(Closed) Cheap Airfare?

posted 4 years ago in Honeymoons
Post # 3
Member
342 posts
Helper bee
  • Wedding: August 2014

Following…

Post # 4
Member
698 posts
Busy bee
  • Wedding: August 2013

@jesssamesssa:  I always scout out flights using either Kayak or Google Flights and then I always book directly with the airline. You may find it cheaper if you travel during the middle of the week (if that’s possible)

Post # 5
Member
9057 posts
Buzzing Beekeeper
  • Wedding: June 2010

@AllieBee12:  same here.  Browse travelocity then book directly with airline unless I can’t avoid mixing lines for departing/returning flights. I do find that there’s something about booking midweek, especially tuesdays (even for actually flying on weekends) makes a difference. 

Post # 6
Member
1603 posts
Bumble bee
  • Wedding: June 2014

@jesssamesssa:  It really depends where you are going and from where! I typically check Southwest first when I’m travelling within the US. Otherwise, i check a travel site (kayak, priceline, whatever) and find the cheapest rate. THEN I go directly to the cheapest airlines home site because it is usually even CHEAPER there. I also would suggest that you find a travel agent! They are usually free, because they get kickbacks from resorts/airlines/etc.

Post # 8
Member
384 posts
Helper bee

We book through expedia, we fly about 3 times per year

Post # 10
Member
458 posts
Helper bee
  • Wedding: November 2013

@AllieBee12:  +1

I always use Kayak and then just whatever site it reports as cheapest.

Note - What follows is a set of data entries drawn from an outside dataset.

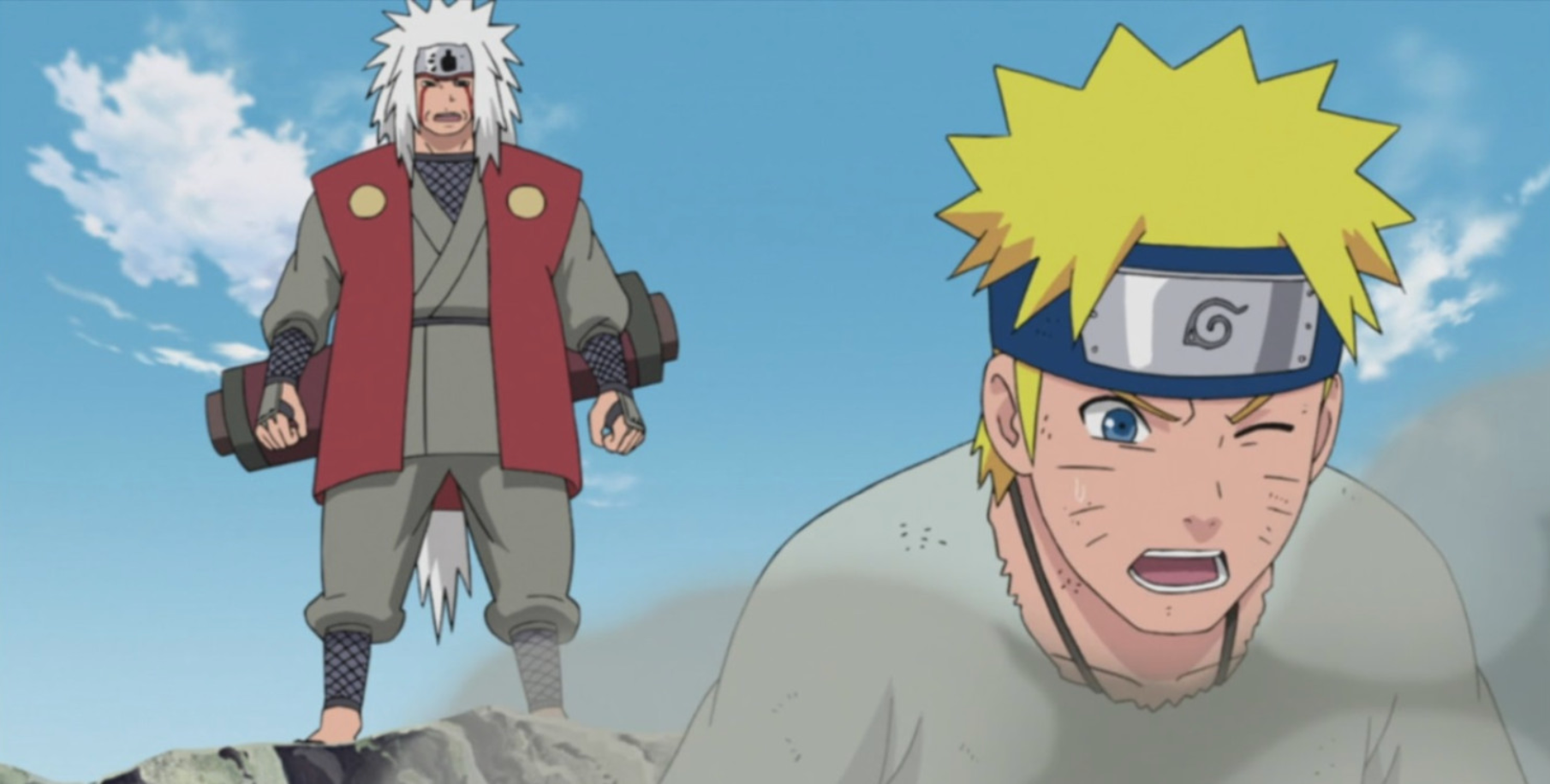 Jiraiya fights Naruto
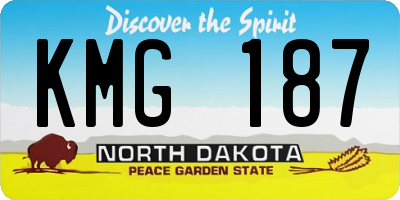 ND license plate KMG187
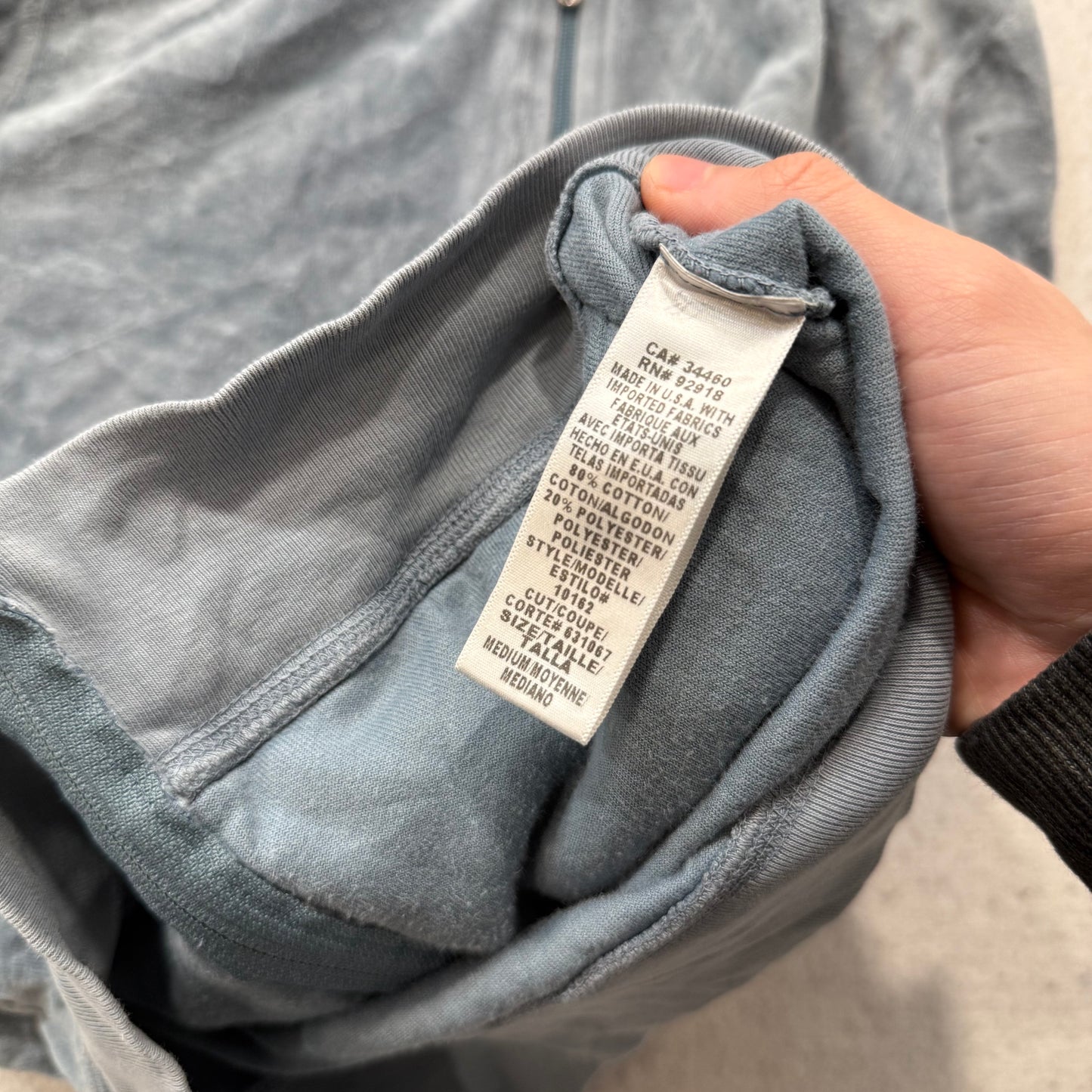 Juicy Couture Women's Slate Gray Velour Full Zip Hoodie Loungewear Preppy Size M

My friend likes Hipmunk for her purposes but the format takes some getting used to; it seems like the focus is less on price and more on timetables, if that makes sense.

Post # 11
Member
6124 posts
Bee Keeper
  • Wedding: August 2012

Airfare hunting is like a sport.  I keep track of the prices on a spreadsheet.  I refer to Bing Travel which forecasts if prices will go up or down and went to buy.  I check several ticket sites like Orbitz, American Airlines, Delta, Expedia, Travelocity, CheapTravel, Side Step, Kayak, Hotwire, Southwest, Delta, Jetblue.

 

In the end, I seem to always go right to Delta or Southwest.  It just depends.  Keep in mind Jetblue and Southwest do not appear on any external search enginges.

Post # 12
Member
922 posts
Busy bee
  • Wedding: September 2013

I also use Expedia to find the price.  Sometimes I’ll then go straight to that airline’s website and book (it’s the same price).  My big tip: Tuesdays at 3 PM are typically when the best sales start and only so many seats are at that price (you will be able to get two together).  Also, I’ve read that the best moment to buy is 6 weeks out from your trip.  But just keep checking every so often, you will be amazed at a random day or time when a flight will go on major sale.

Post # 13
Member
751 posts
Busy bee
  • Wedding: May 2001

I have a price tracker on Kayak right now. It sends you an email everyday for how to price changes on flights. I almost bought last week but price dropped 30 dollars the next Monday 🙂

Post # 14
Member
746 posts
Busy bee

As a travel consultant, I can tell you that we usually don’t get commission from airfare (much of that ended in the 1990s). Most airfare these days is what is known as a “published rate” which is the same as the airline’s web site. The overall price break comes from booking a “package deal” through a travel supplier for air & hotel. Even resorts that tout an “airfare credit,” are really just deducting that rate from the overall hotel price, but it sounds much more inticing to the consumer when it’s couched as an “airfare” credit. The bottom line is that travel consultants are paid commission by resorts/hotels, cruiselines, tour comapanies, etc. Very rarely is it from an actual airline (sometimes applicable for a European or Asian reservation). As others have said, you can browse all of the web sites like kayak, expedia, etc., but the airline and the travel suppliers that most consultants use will have the same rate. Also, air rates can change at a moment’s notice. It’s a maddening process, for sure! A good travel consultant should be able to research the best rate AND schedule for your trip.

Post # 15
Member
8995 posts
Buzzing Beekeeper
  • Wedding: December 2012

Fun fact: Use Incognito mode to search for airfare. Websites that sell or “regulate” airfare have scripts on their websites that track what you look at, where you want to go, and how many times you look at a particular flight. They are designed to hype up the price the more you look around to pressure you into buying (Making it seem like flights are selling out.)

Incognito Mode does not allow your cookies to be tracked and thus the website doesn’t know what you’re looking at.

How to incognito in Chrome

How to incognito in Firefox

How to incognito in Internet Explorer

How to incognito in Safari

How to incognito in Opera

How to incognito on an iPad

Just a friendly tip from your neighborhood techie.

Post # 16
Member
60 posts
Worker bee

I use Kayak, and the 3+/- days options to see which days are cheapest, and also bing travel to check if prices are going up or down! Avoid flying on the weekend if you can, including fridays, to save more money. Good luck!